À l’arrivée à Windjana Gorge nous sommes encore une fois le seul véhicule « conventionnel » garé là, entouré d’énormes 4x4, bus et camions conçus pour traverser la savane à grande vitesse. On se sent un peu étrangers face à tous ces monstres de la route. On fait une pause déjeuner et on part se promener dans Windjana Gorge.

La gorge en elle-même est très jolie, même si la balade n’est pas des plus passionnantes, avec beaucoup de marche dans le sable. Mais l’attrait du coin est tout autre. C’est en effet un des rares endroits où l’on peut voir des freshwater crocodiles de près (enfin pas trop non plus hein) et dans leur environnement naturel. Et pas un crocodile, pas deux crocodiles, non, des tas, plein, partout dans l’eau et au bord de la rivière.

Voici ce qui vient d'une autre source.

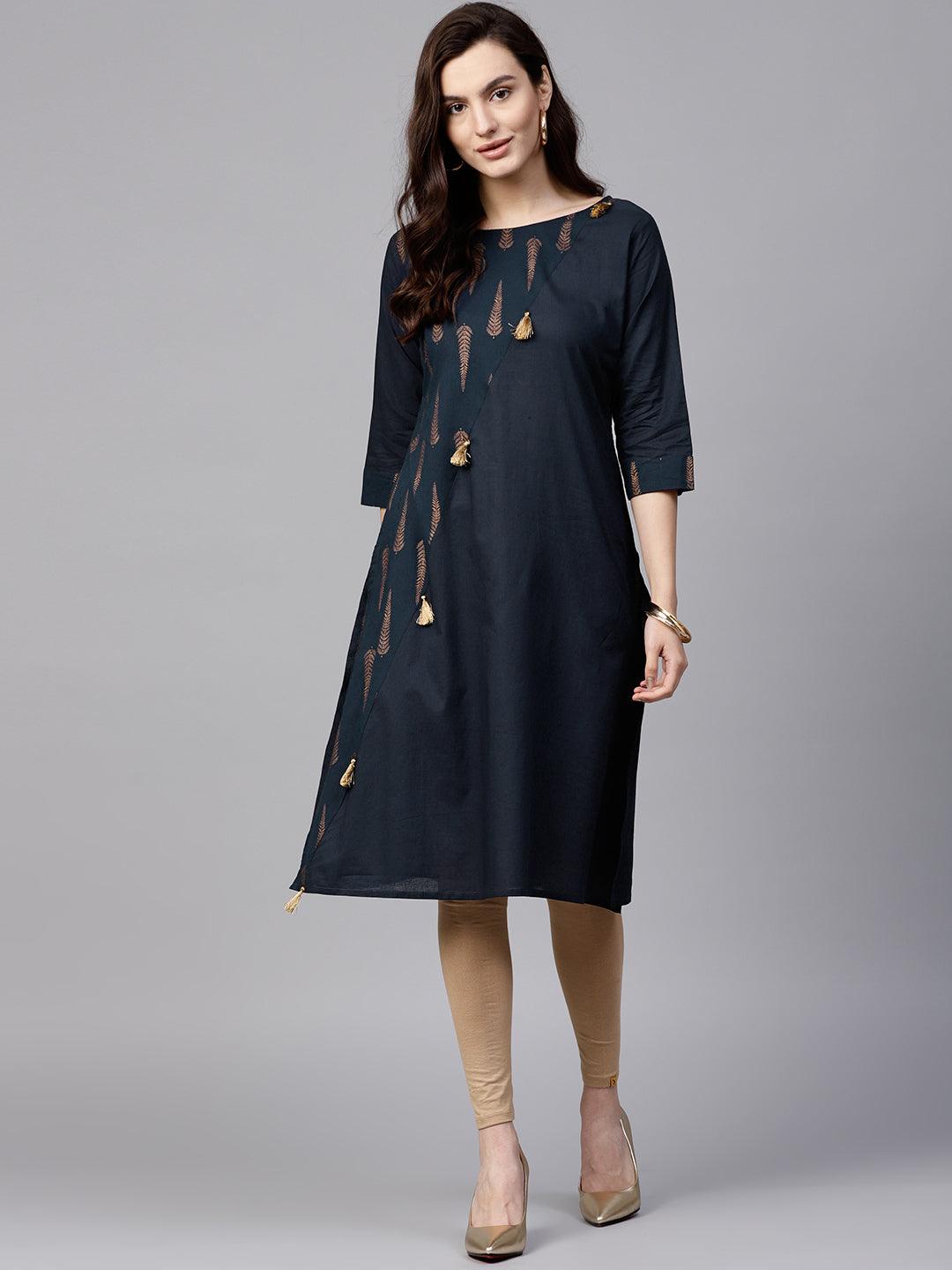 Navy Blue &amp; Golden Printed A-Line Kurta - Znxclothing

C’est l’occasion de faire des tas de photos ! Bon on reste à distance, il est recommandé de ne pas s’approcher à moins de cinq mètres des crocodiles et je pense qu’on n’ira pas plus près que 10 mètres quand même. Parce qu’ils n’ont quand même pas l’air commode !

C’est après ces deux expériences géniales que nous terminons notre journée avec 22 kilomètres de route cabossée qui nous secoue dans tous les sens avant d’arriver à un camp spot pour la nuit à l’intersection de la Gibb River Road et de Leopold Downs Road.